昨年(2018年)9月15日に亡くなった女優、樹木希林さんのことばを集めた『一切なりゆき』(文春新書)が、年末の発売以来50万部を超える大ベストセラーになっている。
飾らない人柄で多くのファンに愛された樹木希林さん。映画、テレビ作品のほか、雑誌の対談やインタビューに多くのことばを残していた。本書はそれらを突貫作業でまとめたものだ。出版・報道各社から記事転載の許可は得たものの、著作権者の連絡先がわからず見切り発車した部分もある。奥付に「お気づきの方は編集部までお申し出ください」とある。でも、このスピード感こそがヒットの理由だろう。亡くなってから3か月での刊行はみごとだ。生前色紙に書いていたことばからタイトルをつけたそうだが、希林さんらしい。
「生きること」、「家族のこと」、「病いのこと、カラダのこと」、「仕事のこと」、「女のこと、男のこと」、「出演作品のこと」の6章からなる。

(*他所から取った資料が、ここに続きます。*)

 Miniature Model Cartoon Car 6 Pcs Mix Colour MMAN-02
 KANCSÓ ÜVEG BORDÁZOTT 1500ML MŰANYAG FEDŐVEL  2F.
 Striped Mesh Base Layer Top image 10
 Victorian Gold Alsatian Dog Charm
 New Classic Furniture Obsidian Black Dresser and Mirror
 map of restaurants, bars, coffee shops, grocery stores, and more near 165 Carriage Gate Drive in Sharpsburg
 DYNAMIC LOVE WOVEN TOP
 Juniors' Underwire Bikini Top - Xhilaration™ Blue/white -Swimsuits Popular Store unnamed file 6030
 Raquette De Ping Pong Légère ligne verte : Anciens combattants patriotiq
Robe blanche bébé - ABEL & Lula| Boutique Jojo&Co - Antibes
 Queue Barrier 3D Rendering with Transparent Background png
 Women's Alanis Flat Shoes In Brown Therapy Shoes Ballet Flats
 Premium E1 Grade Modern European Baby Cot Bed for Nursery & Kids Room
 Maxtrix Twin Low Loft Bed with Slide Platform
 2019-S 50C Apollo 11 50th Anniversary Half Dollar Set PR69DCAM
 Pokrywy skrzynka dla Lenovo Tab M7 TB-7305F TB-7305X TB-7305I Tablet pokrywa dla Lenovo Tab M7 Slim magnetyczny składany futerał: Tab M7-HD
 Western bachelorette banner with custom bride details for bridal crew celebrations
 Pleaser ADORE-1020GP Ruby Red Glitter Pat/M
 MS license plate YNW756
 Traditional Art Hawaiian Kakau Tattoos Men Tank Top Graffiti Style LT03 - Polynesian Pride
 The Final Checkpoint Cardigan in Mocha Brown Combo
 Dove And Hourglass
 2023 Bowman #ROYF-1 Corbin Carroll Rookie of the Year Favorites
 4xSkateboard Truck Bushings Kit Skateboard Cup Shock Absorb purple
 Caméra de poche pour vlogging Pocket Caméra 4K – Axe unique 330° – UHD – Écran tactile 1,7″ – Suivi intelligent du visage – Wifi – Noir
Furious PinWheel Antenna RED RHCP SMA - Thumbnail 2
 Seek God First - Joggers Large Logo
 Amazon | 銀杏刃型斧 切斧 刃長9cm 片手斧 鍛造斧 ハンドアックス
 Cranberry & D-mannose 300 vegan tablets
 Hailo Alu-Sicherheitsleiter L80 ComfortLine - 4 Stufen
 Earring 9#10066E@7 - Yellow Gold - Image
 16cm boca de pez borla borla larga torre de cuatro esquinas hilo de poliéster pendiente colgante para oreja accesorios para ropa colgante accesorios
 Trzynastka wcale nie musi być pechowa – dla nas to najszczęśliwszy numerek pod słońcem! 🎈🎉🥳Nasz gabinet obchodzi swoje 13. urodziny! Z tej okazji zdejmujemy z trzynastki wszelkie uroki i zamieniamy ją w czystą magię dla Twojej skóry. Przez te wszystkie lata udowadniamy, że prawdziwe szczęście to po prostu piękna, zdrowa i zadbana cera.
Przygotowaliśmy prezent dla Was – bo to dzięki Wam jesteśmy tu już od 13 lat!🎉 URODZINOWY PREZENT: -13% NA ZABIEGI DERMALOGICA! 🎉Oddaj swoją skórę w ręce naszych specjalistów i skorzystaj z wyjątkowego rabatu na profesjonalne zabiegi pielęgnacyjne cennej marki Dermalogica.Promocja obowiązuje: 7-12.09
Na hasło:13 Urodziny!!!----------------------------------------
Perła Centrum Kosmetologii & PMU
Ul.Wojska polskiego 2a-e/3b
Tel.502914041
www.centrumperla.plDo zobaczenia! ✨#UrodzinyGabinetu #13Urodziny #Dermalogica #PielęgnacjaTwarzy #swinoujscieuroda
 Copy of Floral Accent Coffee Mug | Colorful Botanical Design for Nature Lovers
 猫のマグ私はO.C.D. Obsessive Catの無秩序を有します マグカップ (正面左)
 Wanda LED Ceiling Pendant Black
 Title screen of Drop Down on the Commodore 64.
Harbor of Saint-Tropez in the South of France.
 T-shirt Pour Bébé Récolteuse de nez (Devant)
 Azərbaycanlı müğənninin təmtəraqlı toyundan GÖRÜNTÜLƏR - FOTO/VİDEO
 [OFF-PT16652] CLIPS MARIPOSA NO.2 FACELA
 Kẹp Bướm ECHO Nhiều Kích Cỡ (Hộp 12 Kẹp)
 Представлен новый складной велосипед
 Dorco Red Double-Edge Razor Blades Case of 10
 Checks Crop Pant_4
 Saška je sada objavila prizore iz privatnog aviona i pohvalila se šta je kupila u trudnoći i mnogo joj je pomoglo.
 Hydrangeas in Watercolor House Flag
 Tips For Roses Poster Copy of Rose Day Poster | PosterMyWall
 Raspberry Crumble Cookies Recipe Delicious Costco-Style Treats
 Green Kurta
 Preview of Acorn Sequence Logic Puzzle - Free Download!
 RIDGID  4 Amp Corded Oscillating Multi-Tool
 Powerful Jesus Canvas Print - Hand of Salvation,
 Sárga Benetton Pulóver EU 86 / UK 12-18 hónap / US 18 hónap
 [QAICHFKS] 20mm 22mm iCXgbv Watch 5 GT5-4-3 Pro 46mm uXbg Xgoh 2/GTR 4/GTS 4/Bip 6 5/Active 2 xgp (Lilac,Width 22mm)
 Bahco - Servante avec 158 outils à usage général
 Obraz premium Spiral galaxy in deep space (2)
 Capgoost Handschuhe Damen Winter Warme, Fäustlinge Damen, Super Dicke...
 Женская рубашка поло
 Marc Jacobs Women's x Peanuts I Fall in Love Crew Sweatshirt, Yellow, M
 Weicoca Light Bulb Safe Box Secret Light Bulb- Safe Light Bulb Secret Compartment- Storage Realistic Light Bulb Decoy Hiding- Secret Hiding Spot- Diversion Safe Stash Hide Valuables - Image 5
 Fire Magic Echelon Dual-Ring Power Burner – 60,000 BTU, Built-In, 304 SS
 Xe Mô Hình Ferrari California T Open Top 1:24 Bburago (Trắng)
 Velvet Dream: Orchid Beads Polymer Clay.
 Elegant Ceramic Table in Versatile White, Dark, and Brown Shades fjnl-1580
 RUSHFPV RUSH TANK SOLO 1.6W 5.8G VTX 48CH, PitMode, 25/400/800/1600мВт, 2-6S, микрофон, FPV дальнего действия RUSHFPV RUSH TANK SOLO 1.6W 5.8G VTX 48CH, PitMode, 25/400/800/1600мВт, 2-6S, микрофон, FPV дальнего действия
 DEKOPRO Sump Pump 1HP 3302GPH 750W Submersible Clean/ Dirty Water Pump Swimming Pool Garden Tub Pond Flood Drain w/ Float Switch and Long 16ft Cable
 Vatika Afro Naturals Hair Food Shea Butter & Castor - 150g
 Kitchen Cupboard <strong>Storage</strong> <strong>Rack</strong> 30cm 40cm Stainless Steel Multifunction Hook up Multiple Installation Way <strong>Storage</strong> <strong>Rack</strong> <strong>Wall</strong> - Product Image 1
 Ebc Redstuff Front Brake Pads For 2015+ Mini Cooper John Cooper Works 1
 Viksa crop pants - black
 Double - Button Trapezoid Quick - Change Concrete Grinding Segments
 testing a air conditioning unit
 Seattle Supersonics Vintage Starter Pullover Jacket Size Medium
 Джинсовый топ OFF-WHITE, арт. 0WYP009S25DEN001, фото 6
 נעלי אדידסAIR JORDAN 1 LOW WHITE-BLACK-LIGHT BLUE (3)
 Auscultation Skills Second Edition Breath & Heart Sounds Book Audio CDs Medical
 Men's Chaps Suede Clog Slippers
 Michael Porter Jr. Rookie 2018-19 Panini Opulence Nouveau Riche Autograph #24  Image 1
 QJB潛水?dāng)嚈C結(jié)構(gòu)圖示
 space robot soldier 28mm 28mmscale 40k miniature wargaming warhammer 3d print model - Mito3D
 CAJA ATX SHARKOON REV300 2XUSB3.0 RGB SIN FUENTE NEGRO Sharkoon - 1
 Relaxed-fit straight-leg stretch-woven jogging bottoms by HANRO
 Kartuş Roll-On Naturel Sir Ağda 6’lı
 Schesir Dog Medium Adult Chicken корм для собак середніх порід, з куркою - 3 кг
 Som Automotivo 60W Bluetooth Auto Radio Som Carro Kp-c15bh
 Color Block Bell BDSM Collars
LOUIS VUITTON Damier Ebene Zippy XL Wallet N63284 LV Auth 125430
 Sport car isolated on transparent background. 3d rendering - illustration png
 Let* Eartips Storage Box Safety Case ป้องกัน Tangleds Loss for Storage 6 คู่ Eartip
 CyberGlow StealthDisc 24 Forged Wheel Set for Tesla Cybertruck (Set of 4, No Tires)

ロックミュージシャン、内田裕也さんとの陰影ある結婚生活は後でふれるとして、生まれや育ちについて初めて知ることも多かったので、まずはその部分から。
「ほんとに笑っちゃうような家庭」の見出しでこう語っている。
「私の母は神田・神保町でカフェを経営してて、父は所轄の刑事(後に琵琶奏者)で、出会いました。母は再々婚。父は年下で初婚。(中略)ほんとに笑っちゃうような家庭で、複雑なんだけど、それも面白がるような家族でしたね」
役者として大成した希林さんだが、文学座でも最初は役者より楽屋当番で頭角を現したという。
「杉村(春子)さんが、『あんた、勘のいい子ねッ、来てちょうだい』って、だから小津安二郎監督の『秋刀魚の味』に杉村さんが出た時も、大船の撮影所に行ったんです。(中略)だから小津組の空気を吸ったわけです、私は」
仕事についての一言を抜粋すると、その人生観が伝わるかもしれない。
「いってみりゃ私らは和え物の材料ですから」 「キレイなんて、一過性のものだから」 「CMの契約期間中は、その会社の人間だと思っています」 「テレビは演じたものが瞬時に消えていくから好きだったんです」 「役者は当たり前の生活をし、当たり前の人たちと付き合い、普通にいることが基本」
内田裕也さんについての発言も多い。
「私が、なぜ旦那と別れないかと言うとね。十分に旦那がお飾りであるからなんですよ(笑)。私にとってですよ。夢や志を振りかざしたお飾りを十分演じてくれる」 「お互いに中毒なんです。主人は私に、私は主人に。だから、別れられないんです」 「妻という場所があるから、私自身も野放図にならないですんだ。人も余計な誘いをかけてこないし。若いころは、私だって誘われてもおかしくなかったですから」
実際、本書に収められている1973年10月、結婚式の日の写真を見ると、魅力的な笑顔をふりまいている。
物事に執着しない希林さん流の生き方を時代が求めているのかもしれない。靴は昔から、長靴も含めて3足しか持たないと決めていた。洋服や家具も自分で買ったものはほとんどなくて、もらい物が多い。本書には書かれていないが、不動産にはこだわったらしい。
28年一緒にやってきたマネージャーと別れてから、事務所も閉鎖して新しいマネージャーはつけなかった。前のマネージャーに申し訳ないという気持ちと自分の執着を断ち切る意味があったそうだ。晩年の希林さんに密着したNHKの番組を見たが、自分でスケジュールを調整し、自分で車を運転して現場に入る姿に圧倒された。
生前公開された最後の作品になった映画『万引き家族』の老婆の役について、「人間が老いていく、壊れていく姿というものも見せたかった」と語っている。
巻末の年譜によると、初めて自ら企画も手掛けた映画『エリカ38』とドイツ映画『Cherry Blossoms and Demons』が今年(2019年)公開され、遺作となるそうだから、まだスクリーンで希林さんに会う機会は十分ある。
本欄では没後に公開された映画『日日是好日』の原作『日日是好日 「お茶」が教えてくれた15のしあわせ』(森下典子著、新潮文庫)を紹介している。